Hi Ash,
Forgive me but can you tell me where I can find the agent process logs? When the agent dies and a new one is spun up, I cant access the agent status page...its only for the new one that spun up.
In the server logs I see this: Doesnt give me any reason on why it hung and ultimately started a new pod. I want to stress that this is random though. I have 30 pipelines and all are using the same agent profile I have defined for each stage.
Some keep spawning in various stages and there is no predictive reason why. When I check the Cluster, memory is low and CPU is low.
I'm using C6i.2xlarge in a 5 node cluster. I was using R4.xlarge and didn't see this issue but can attribute any of these issues to the instance change which I did a few weeks ago.

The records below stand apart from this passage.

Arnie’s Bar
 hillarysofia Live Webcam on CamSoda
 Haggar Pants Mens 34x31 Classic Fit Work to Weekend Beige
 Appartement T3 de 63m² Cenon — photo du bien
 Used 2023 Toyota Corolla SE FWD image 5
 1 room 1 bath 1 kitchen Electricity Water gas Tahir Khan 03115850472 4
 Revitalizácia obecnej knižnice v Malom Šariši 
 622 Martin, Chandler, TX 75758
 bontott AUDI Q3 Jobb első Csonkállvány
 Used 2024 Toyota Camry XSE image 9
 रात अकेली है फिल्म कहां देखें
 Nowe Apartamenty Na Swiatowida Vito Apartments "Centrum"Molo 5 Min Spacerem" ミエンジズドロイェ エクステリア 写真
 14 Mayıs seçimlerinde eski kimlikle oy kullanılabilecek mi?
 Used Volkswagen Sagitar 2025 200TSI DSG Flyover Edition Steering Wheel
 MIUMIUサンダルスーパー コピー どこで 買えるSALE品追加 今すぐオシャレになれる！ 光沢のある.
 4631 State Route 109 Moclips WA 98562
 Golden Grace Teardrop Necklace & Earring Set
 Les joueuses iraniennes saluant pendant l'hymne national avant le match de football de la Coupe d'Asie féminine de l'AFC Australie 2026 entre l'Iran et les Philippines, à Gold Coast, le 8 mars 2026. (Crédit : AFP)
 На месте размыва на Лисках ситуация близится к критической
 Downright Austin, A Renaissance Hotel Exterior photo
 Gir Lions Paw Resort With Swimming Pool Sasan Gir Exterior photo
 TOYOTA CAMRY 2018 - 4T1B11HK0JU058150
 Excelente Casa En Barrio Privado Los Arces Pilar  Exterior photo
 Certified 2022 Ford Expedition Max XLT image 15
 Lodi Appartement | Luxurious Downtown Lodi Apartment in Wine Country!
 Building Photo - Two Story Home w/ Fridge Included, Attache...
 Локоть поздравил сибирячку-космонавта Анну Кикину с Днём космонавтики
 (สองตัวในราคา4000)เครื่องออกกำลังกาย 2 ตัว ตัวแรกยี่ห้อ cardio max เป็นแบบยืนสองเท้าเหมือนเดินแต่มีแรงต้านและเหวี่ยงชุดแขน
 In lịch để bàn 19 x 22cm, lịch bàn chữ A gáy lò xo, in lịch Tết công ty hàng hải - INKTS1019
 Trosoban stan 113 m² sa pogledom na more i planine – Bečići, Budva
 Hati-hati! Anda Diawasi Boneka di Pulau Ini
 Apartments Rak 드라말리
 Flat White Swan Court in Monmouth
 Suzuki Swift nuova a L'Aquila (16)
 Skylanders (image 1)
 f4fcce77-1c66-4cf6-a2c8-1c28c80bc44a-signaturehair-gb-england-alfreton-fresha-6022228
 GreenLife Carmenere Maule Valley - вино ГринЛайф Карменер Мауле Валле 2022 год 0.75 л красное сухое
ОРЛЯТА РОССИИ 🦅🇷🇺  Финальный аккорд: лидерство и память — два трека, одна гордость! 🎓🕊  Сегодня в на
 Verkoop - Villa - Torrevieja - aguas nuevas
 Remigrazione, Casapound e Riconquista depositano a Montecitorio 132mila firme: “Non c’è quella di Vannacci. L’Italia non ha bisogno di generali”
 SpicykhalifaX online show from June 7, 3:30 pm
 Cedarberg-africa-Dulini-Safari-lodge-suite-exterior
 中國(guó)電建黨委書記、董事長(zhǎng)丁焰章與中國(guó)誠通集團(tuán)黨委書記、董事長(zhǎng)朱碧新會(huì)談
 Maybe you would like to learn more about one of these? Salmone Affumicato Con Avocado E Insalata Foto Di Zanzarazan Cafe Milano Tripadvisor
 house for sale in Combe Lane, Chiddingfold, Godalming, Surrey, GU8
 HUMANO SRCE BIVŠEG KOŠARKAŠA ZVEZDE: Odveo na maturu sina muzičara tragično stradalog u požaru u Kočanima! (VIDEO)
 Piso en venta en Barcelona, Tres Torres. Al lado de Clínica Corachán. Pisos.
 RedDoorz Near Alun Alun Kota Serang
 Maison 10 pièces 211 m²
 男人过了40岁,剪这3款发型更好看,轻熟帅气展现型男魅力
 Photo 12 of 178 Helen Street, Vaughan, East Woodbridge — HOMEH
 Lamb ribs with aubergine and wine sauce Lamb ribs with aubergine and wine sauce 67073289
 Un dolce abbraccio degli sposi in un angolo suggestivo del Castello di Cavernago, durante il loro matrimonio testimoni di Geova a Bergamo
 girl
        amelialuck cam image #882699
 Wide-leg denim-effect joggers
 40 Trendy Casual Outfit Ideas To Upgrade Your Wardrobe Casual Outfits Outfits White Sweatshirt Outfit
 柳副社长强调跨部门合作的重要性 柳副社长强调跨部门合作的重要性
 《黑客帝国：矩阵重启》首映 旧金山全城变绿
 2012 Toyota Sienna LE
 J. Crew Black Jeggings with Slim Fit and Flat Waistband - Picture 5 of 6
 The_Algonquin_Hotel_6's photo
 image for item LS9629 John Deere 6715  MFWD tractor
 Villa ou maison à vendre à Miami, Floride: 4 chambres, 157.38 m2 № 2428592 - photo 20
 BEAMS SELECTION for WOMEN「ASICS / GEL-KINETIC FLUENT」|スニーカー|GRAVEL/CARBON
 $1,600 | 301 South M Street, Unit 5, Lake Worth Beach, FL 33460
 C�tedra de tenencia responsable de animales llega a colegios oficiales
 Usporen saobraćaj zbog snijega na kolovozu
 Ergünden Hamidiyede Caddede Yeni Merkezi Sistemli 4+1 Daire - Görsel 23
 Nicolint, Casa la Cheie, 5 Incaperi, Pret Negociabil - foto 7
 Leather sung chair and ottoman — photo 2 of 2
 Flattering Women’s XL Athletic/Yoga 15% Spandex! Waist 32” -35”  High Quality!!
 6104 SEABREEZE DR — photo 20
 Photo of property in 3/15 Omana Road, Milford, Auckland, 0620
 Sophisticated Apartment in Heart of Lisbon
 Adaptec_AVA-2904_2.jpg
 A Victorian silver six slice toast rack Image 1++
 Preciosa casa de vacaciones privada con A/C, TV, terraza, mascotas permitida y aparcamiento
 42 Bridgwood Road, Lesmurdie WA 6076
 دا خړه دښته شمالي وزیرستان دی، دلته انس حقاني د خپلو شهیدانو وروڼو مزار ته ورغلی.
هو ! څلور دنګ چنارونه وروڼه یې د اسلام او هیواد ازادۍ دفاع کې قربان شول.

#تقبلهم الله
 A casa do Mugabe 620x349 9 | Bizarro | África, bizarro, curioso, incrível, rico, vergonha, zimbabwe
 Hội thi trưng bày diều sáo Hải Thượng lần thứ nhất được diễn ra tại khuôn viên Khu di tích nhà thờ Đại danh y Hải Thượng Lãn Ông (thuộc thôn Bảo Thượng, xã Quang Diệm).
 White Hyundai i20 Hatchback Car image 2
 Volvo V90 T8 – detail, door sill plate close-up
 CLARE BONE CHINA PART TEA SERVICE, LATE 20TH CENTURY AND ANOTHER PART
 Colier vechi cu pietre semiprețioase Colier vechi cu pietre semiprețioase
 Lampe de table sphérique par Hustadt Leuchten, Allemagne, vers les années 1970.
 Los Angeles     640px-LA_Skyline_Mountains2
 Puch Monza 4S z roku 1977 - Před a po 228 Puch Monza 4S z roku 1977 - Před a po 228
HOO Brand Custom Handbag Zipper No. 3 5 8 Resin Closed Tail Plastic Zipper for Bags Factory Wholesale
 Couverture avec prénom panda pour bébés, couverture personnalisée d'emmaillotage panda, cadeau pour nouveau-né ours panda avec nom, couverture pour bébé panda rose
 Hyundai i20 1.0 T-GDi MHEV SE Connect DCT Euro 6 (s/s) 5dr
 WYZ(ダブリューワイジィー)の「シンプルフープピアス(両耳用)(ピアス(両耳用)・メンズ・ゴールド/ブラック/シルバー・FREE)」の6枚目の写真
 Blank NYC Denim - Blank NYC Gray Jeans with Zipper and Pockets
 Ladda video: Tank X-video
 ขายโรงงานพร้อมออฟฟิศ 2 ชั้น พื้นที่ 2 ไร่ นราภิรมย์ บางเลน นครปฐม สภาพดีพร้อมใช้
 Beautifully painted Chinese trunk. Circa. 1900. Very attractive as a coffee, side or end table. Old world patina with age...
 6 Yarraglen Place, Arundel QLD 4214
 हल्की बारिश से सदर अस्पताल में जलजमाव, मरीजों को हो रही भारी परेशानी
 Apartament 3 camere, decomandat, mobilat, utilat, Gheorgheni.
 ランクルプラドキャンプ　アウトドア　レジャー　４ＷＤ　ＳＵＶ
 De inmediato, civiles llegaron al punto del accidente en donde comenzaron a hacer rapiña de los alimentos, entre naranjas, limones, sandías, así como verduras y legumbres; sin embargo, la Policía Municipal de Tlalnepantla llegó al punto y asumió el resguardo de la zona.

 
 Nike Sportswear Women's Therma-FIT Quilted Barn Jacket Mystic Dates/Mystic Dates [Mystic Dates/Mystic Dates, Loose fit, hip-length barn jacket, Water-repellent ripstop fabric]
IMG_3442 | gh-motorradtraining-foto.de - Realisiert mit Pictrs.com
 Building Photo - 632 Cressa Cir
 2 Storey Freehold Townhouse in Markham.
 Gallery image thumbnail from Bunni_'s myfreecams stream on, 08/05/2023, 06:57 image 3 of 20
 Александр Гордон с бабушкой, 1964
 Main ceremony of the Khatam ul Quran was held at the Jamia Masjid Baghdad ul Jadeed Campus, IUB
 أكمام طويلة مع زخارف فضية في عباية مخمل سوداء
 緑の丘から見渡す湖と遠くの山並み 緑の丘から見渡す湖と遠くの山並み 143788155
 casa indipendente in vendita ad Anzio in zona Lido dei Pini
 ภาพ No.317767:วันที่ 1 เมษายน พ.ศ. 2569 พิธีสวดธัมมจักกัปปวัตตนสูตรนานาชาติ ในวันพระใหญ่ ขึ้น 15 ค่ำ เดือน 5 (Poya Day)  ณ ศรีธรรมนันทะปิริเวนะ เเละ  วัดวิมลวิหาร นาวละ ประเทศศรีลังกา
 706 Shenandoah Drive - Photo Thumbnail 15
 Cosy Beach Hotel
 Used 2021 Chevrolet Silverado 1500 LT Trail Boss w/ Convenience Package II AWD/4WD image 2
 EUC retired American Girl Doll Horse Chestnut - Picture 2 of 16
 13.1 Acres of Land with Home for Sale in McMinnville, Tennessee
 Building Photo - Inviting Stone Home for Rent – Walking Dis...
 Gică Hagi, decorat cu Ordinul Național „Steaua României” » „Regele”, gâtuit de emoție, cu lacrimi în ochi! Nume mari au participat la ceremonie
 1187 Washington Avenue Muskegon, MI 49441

2022-04-12 13:57:05,540 WARN [ThreadPoolTaskScheduler-1] ScheduleService:611 - Found hung job[id=JobInstance{stageId=184, name='PLATFORM_DEPLOY_JOB', state=Building, result=Unknown, agentUuid='3ff453d7-6a6b-413f-a845-728d96eec351', stateTransitions=[], scheduledDate
=Tue Apr 12 13:46:05 UTC 2022, timeProvider=com.thoughtworks.go.util.TimeProvider@715bdc39, ignored=false, identifier=JobIdentifier[Platform-Deploy, 2, 2, platform_deploy_qa, 5, PLATFORM_DEPLOY_JOB, 353], plan=null, runOnAllAgents=false, runMultipleInstance=false}],
rescheduling it